There is a strange fascination about new things, and when a new fruit or new flower is heralded, with considerable flourish of trumpets, great is the desire to see and to possess the stranger. This is quite natural; we all love variety, and the advent of a new fruit produces a flutter of pleasurable excitement among pomologists, quite akin to that produced by some new discovery in the scientific world. But while it is well to be interested in the dissemination and testing of new fruits, it is not well to forget those that have been long and thoroughly tried, and have stood the test. Designing and unscrupulous persons have often availed themselves, and still do and will avail themselves of this love of novelty to sell at high prices fruit trees of some new sort that is not as valuable or profitable as many that might be purchased at a much more moderate cost. To-day it shall be our pleasure to call attention to two of our best summer apples—varieties that have been long tried and have proved themselves to be well worthy of a place in every fruit garden or orchard.
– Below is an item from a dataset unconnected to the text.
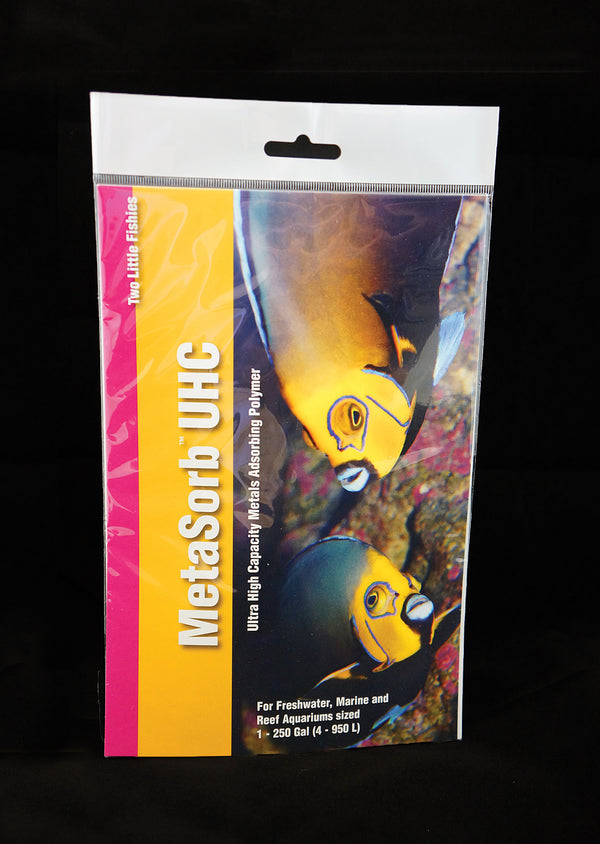 Two Little Fishies MetaSorb UHC Metals Adsorbing Polymer - The Underwater Gardener, Key West FL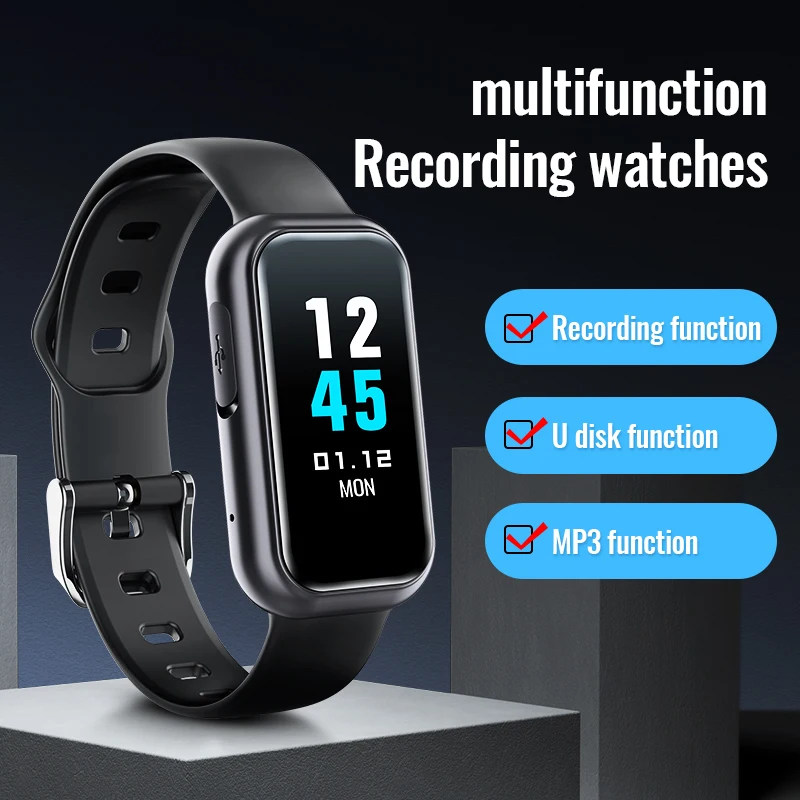 Voice Recorder Smart Digital W - đánh giá và giá Smartwatch Noise Watches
The Early Harvest is of American origin, according to the authorities, but the writer has never seen any account setting forth either the time or place of its nativity. It has been very widely disseminated, and in the last report of the American Pomological Society is recommended for cultivation in thirty-three of the States and Provinces represented in that Association, extending from Nova Scotia to Texas, and from Maine to California.
According to our observation, this variety produces the finest fruit when planted in soils that abound in lime and are thoroughly drained. In rich alluvial soils, and especially if imperfectly drained, the fruit is frequently spotted and cracked, and deficient in flavor. But on the other hand, when the soil is suitable, the fruit is perfectly developed, fair, smooth, and of high flavor. The tree is a moderate grower, comes into bearing early, and yields abundantly. The fruit is of medium size, light yellow with white flesh, juicy, and of a sprightly sub-acid flavor, ripening in the end of July and beginning of August. It is very valuable both for cooking and dessert, and worthy of a place in the smallest collection.
The Red Astracan was introduced into England from Sweden in 1816, and thence it has been brought to this continent, in no part of which is it more at home than in Canada. The tree is very hardy and will thrive vigorously in places where the Early Harvest would suffer from the cold. It receives the double star of great merit in Nova Scotia and Maine, Michigan and Wisconsin, and twenty-two other States, and that even as far south as Louisiana and Texas. It is reported as doing well in the Counties of Glengarry and Carleton, and may with safety be planted in very cold parts of our Province; yet we have heard of its failing to succeed in Arnprior, in the County of Renfrew.
It is one of our most handsome fruits, being of full medium size, of a dark crimson, covered with a light bloom. The flesh is white, crisp and juicy, of a rich acid flavor. It is an excellent cooking apple, and its showy color gives it great popularity in the markets. It begins to ripen before the middle of August, and continues to ripen its crop gradually, so that it lasts for some time.
These two varieties of summer apples may be safely recommended for general cultivation, and while the Red Astracan is the more hardy sort, and may be planted farther northward than the Early Harvest, yet the latter, on soils abounding in lime, is by no means a tender tree. Having these, the possessor may well be content on the score of early apples, and leave to others the pleasure, and the labor too, of testing new and untried substitutes.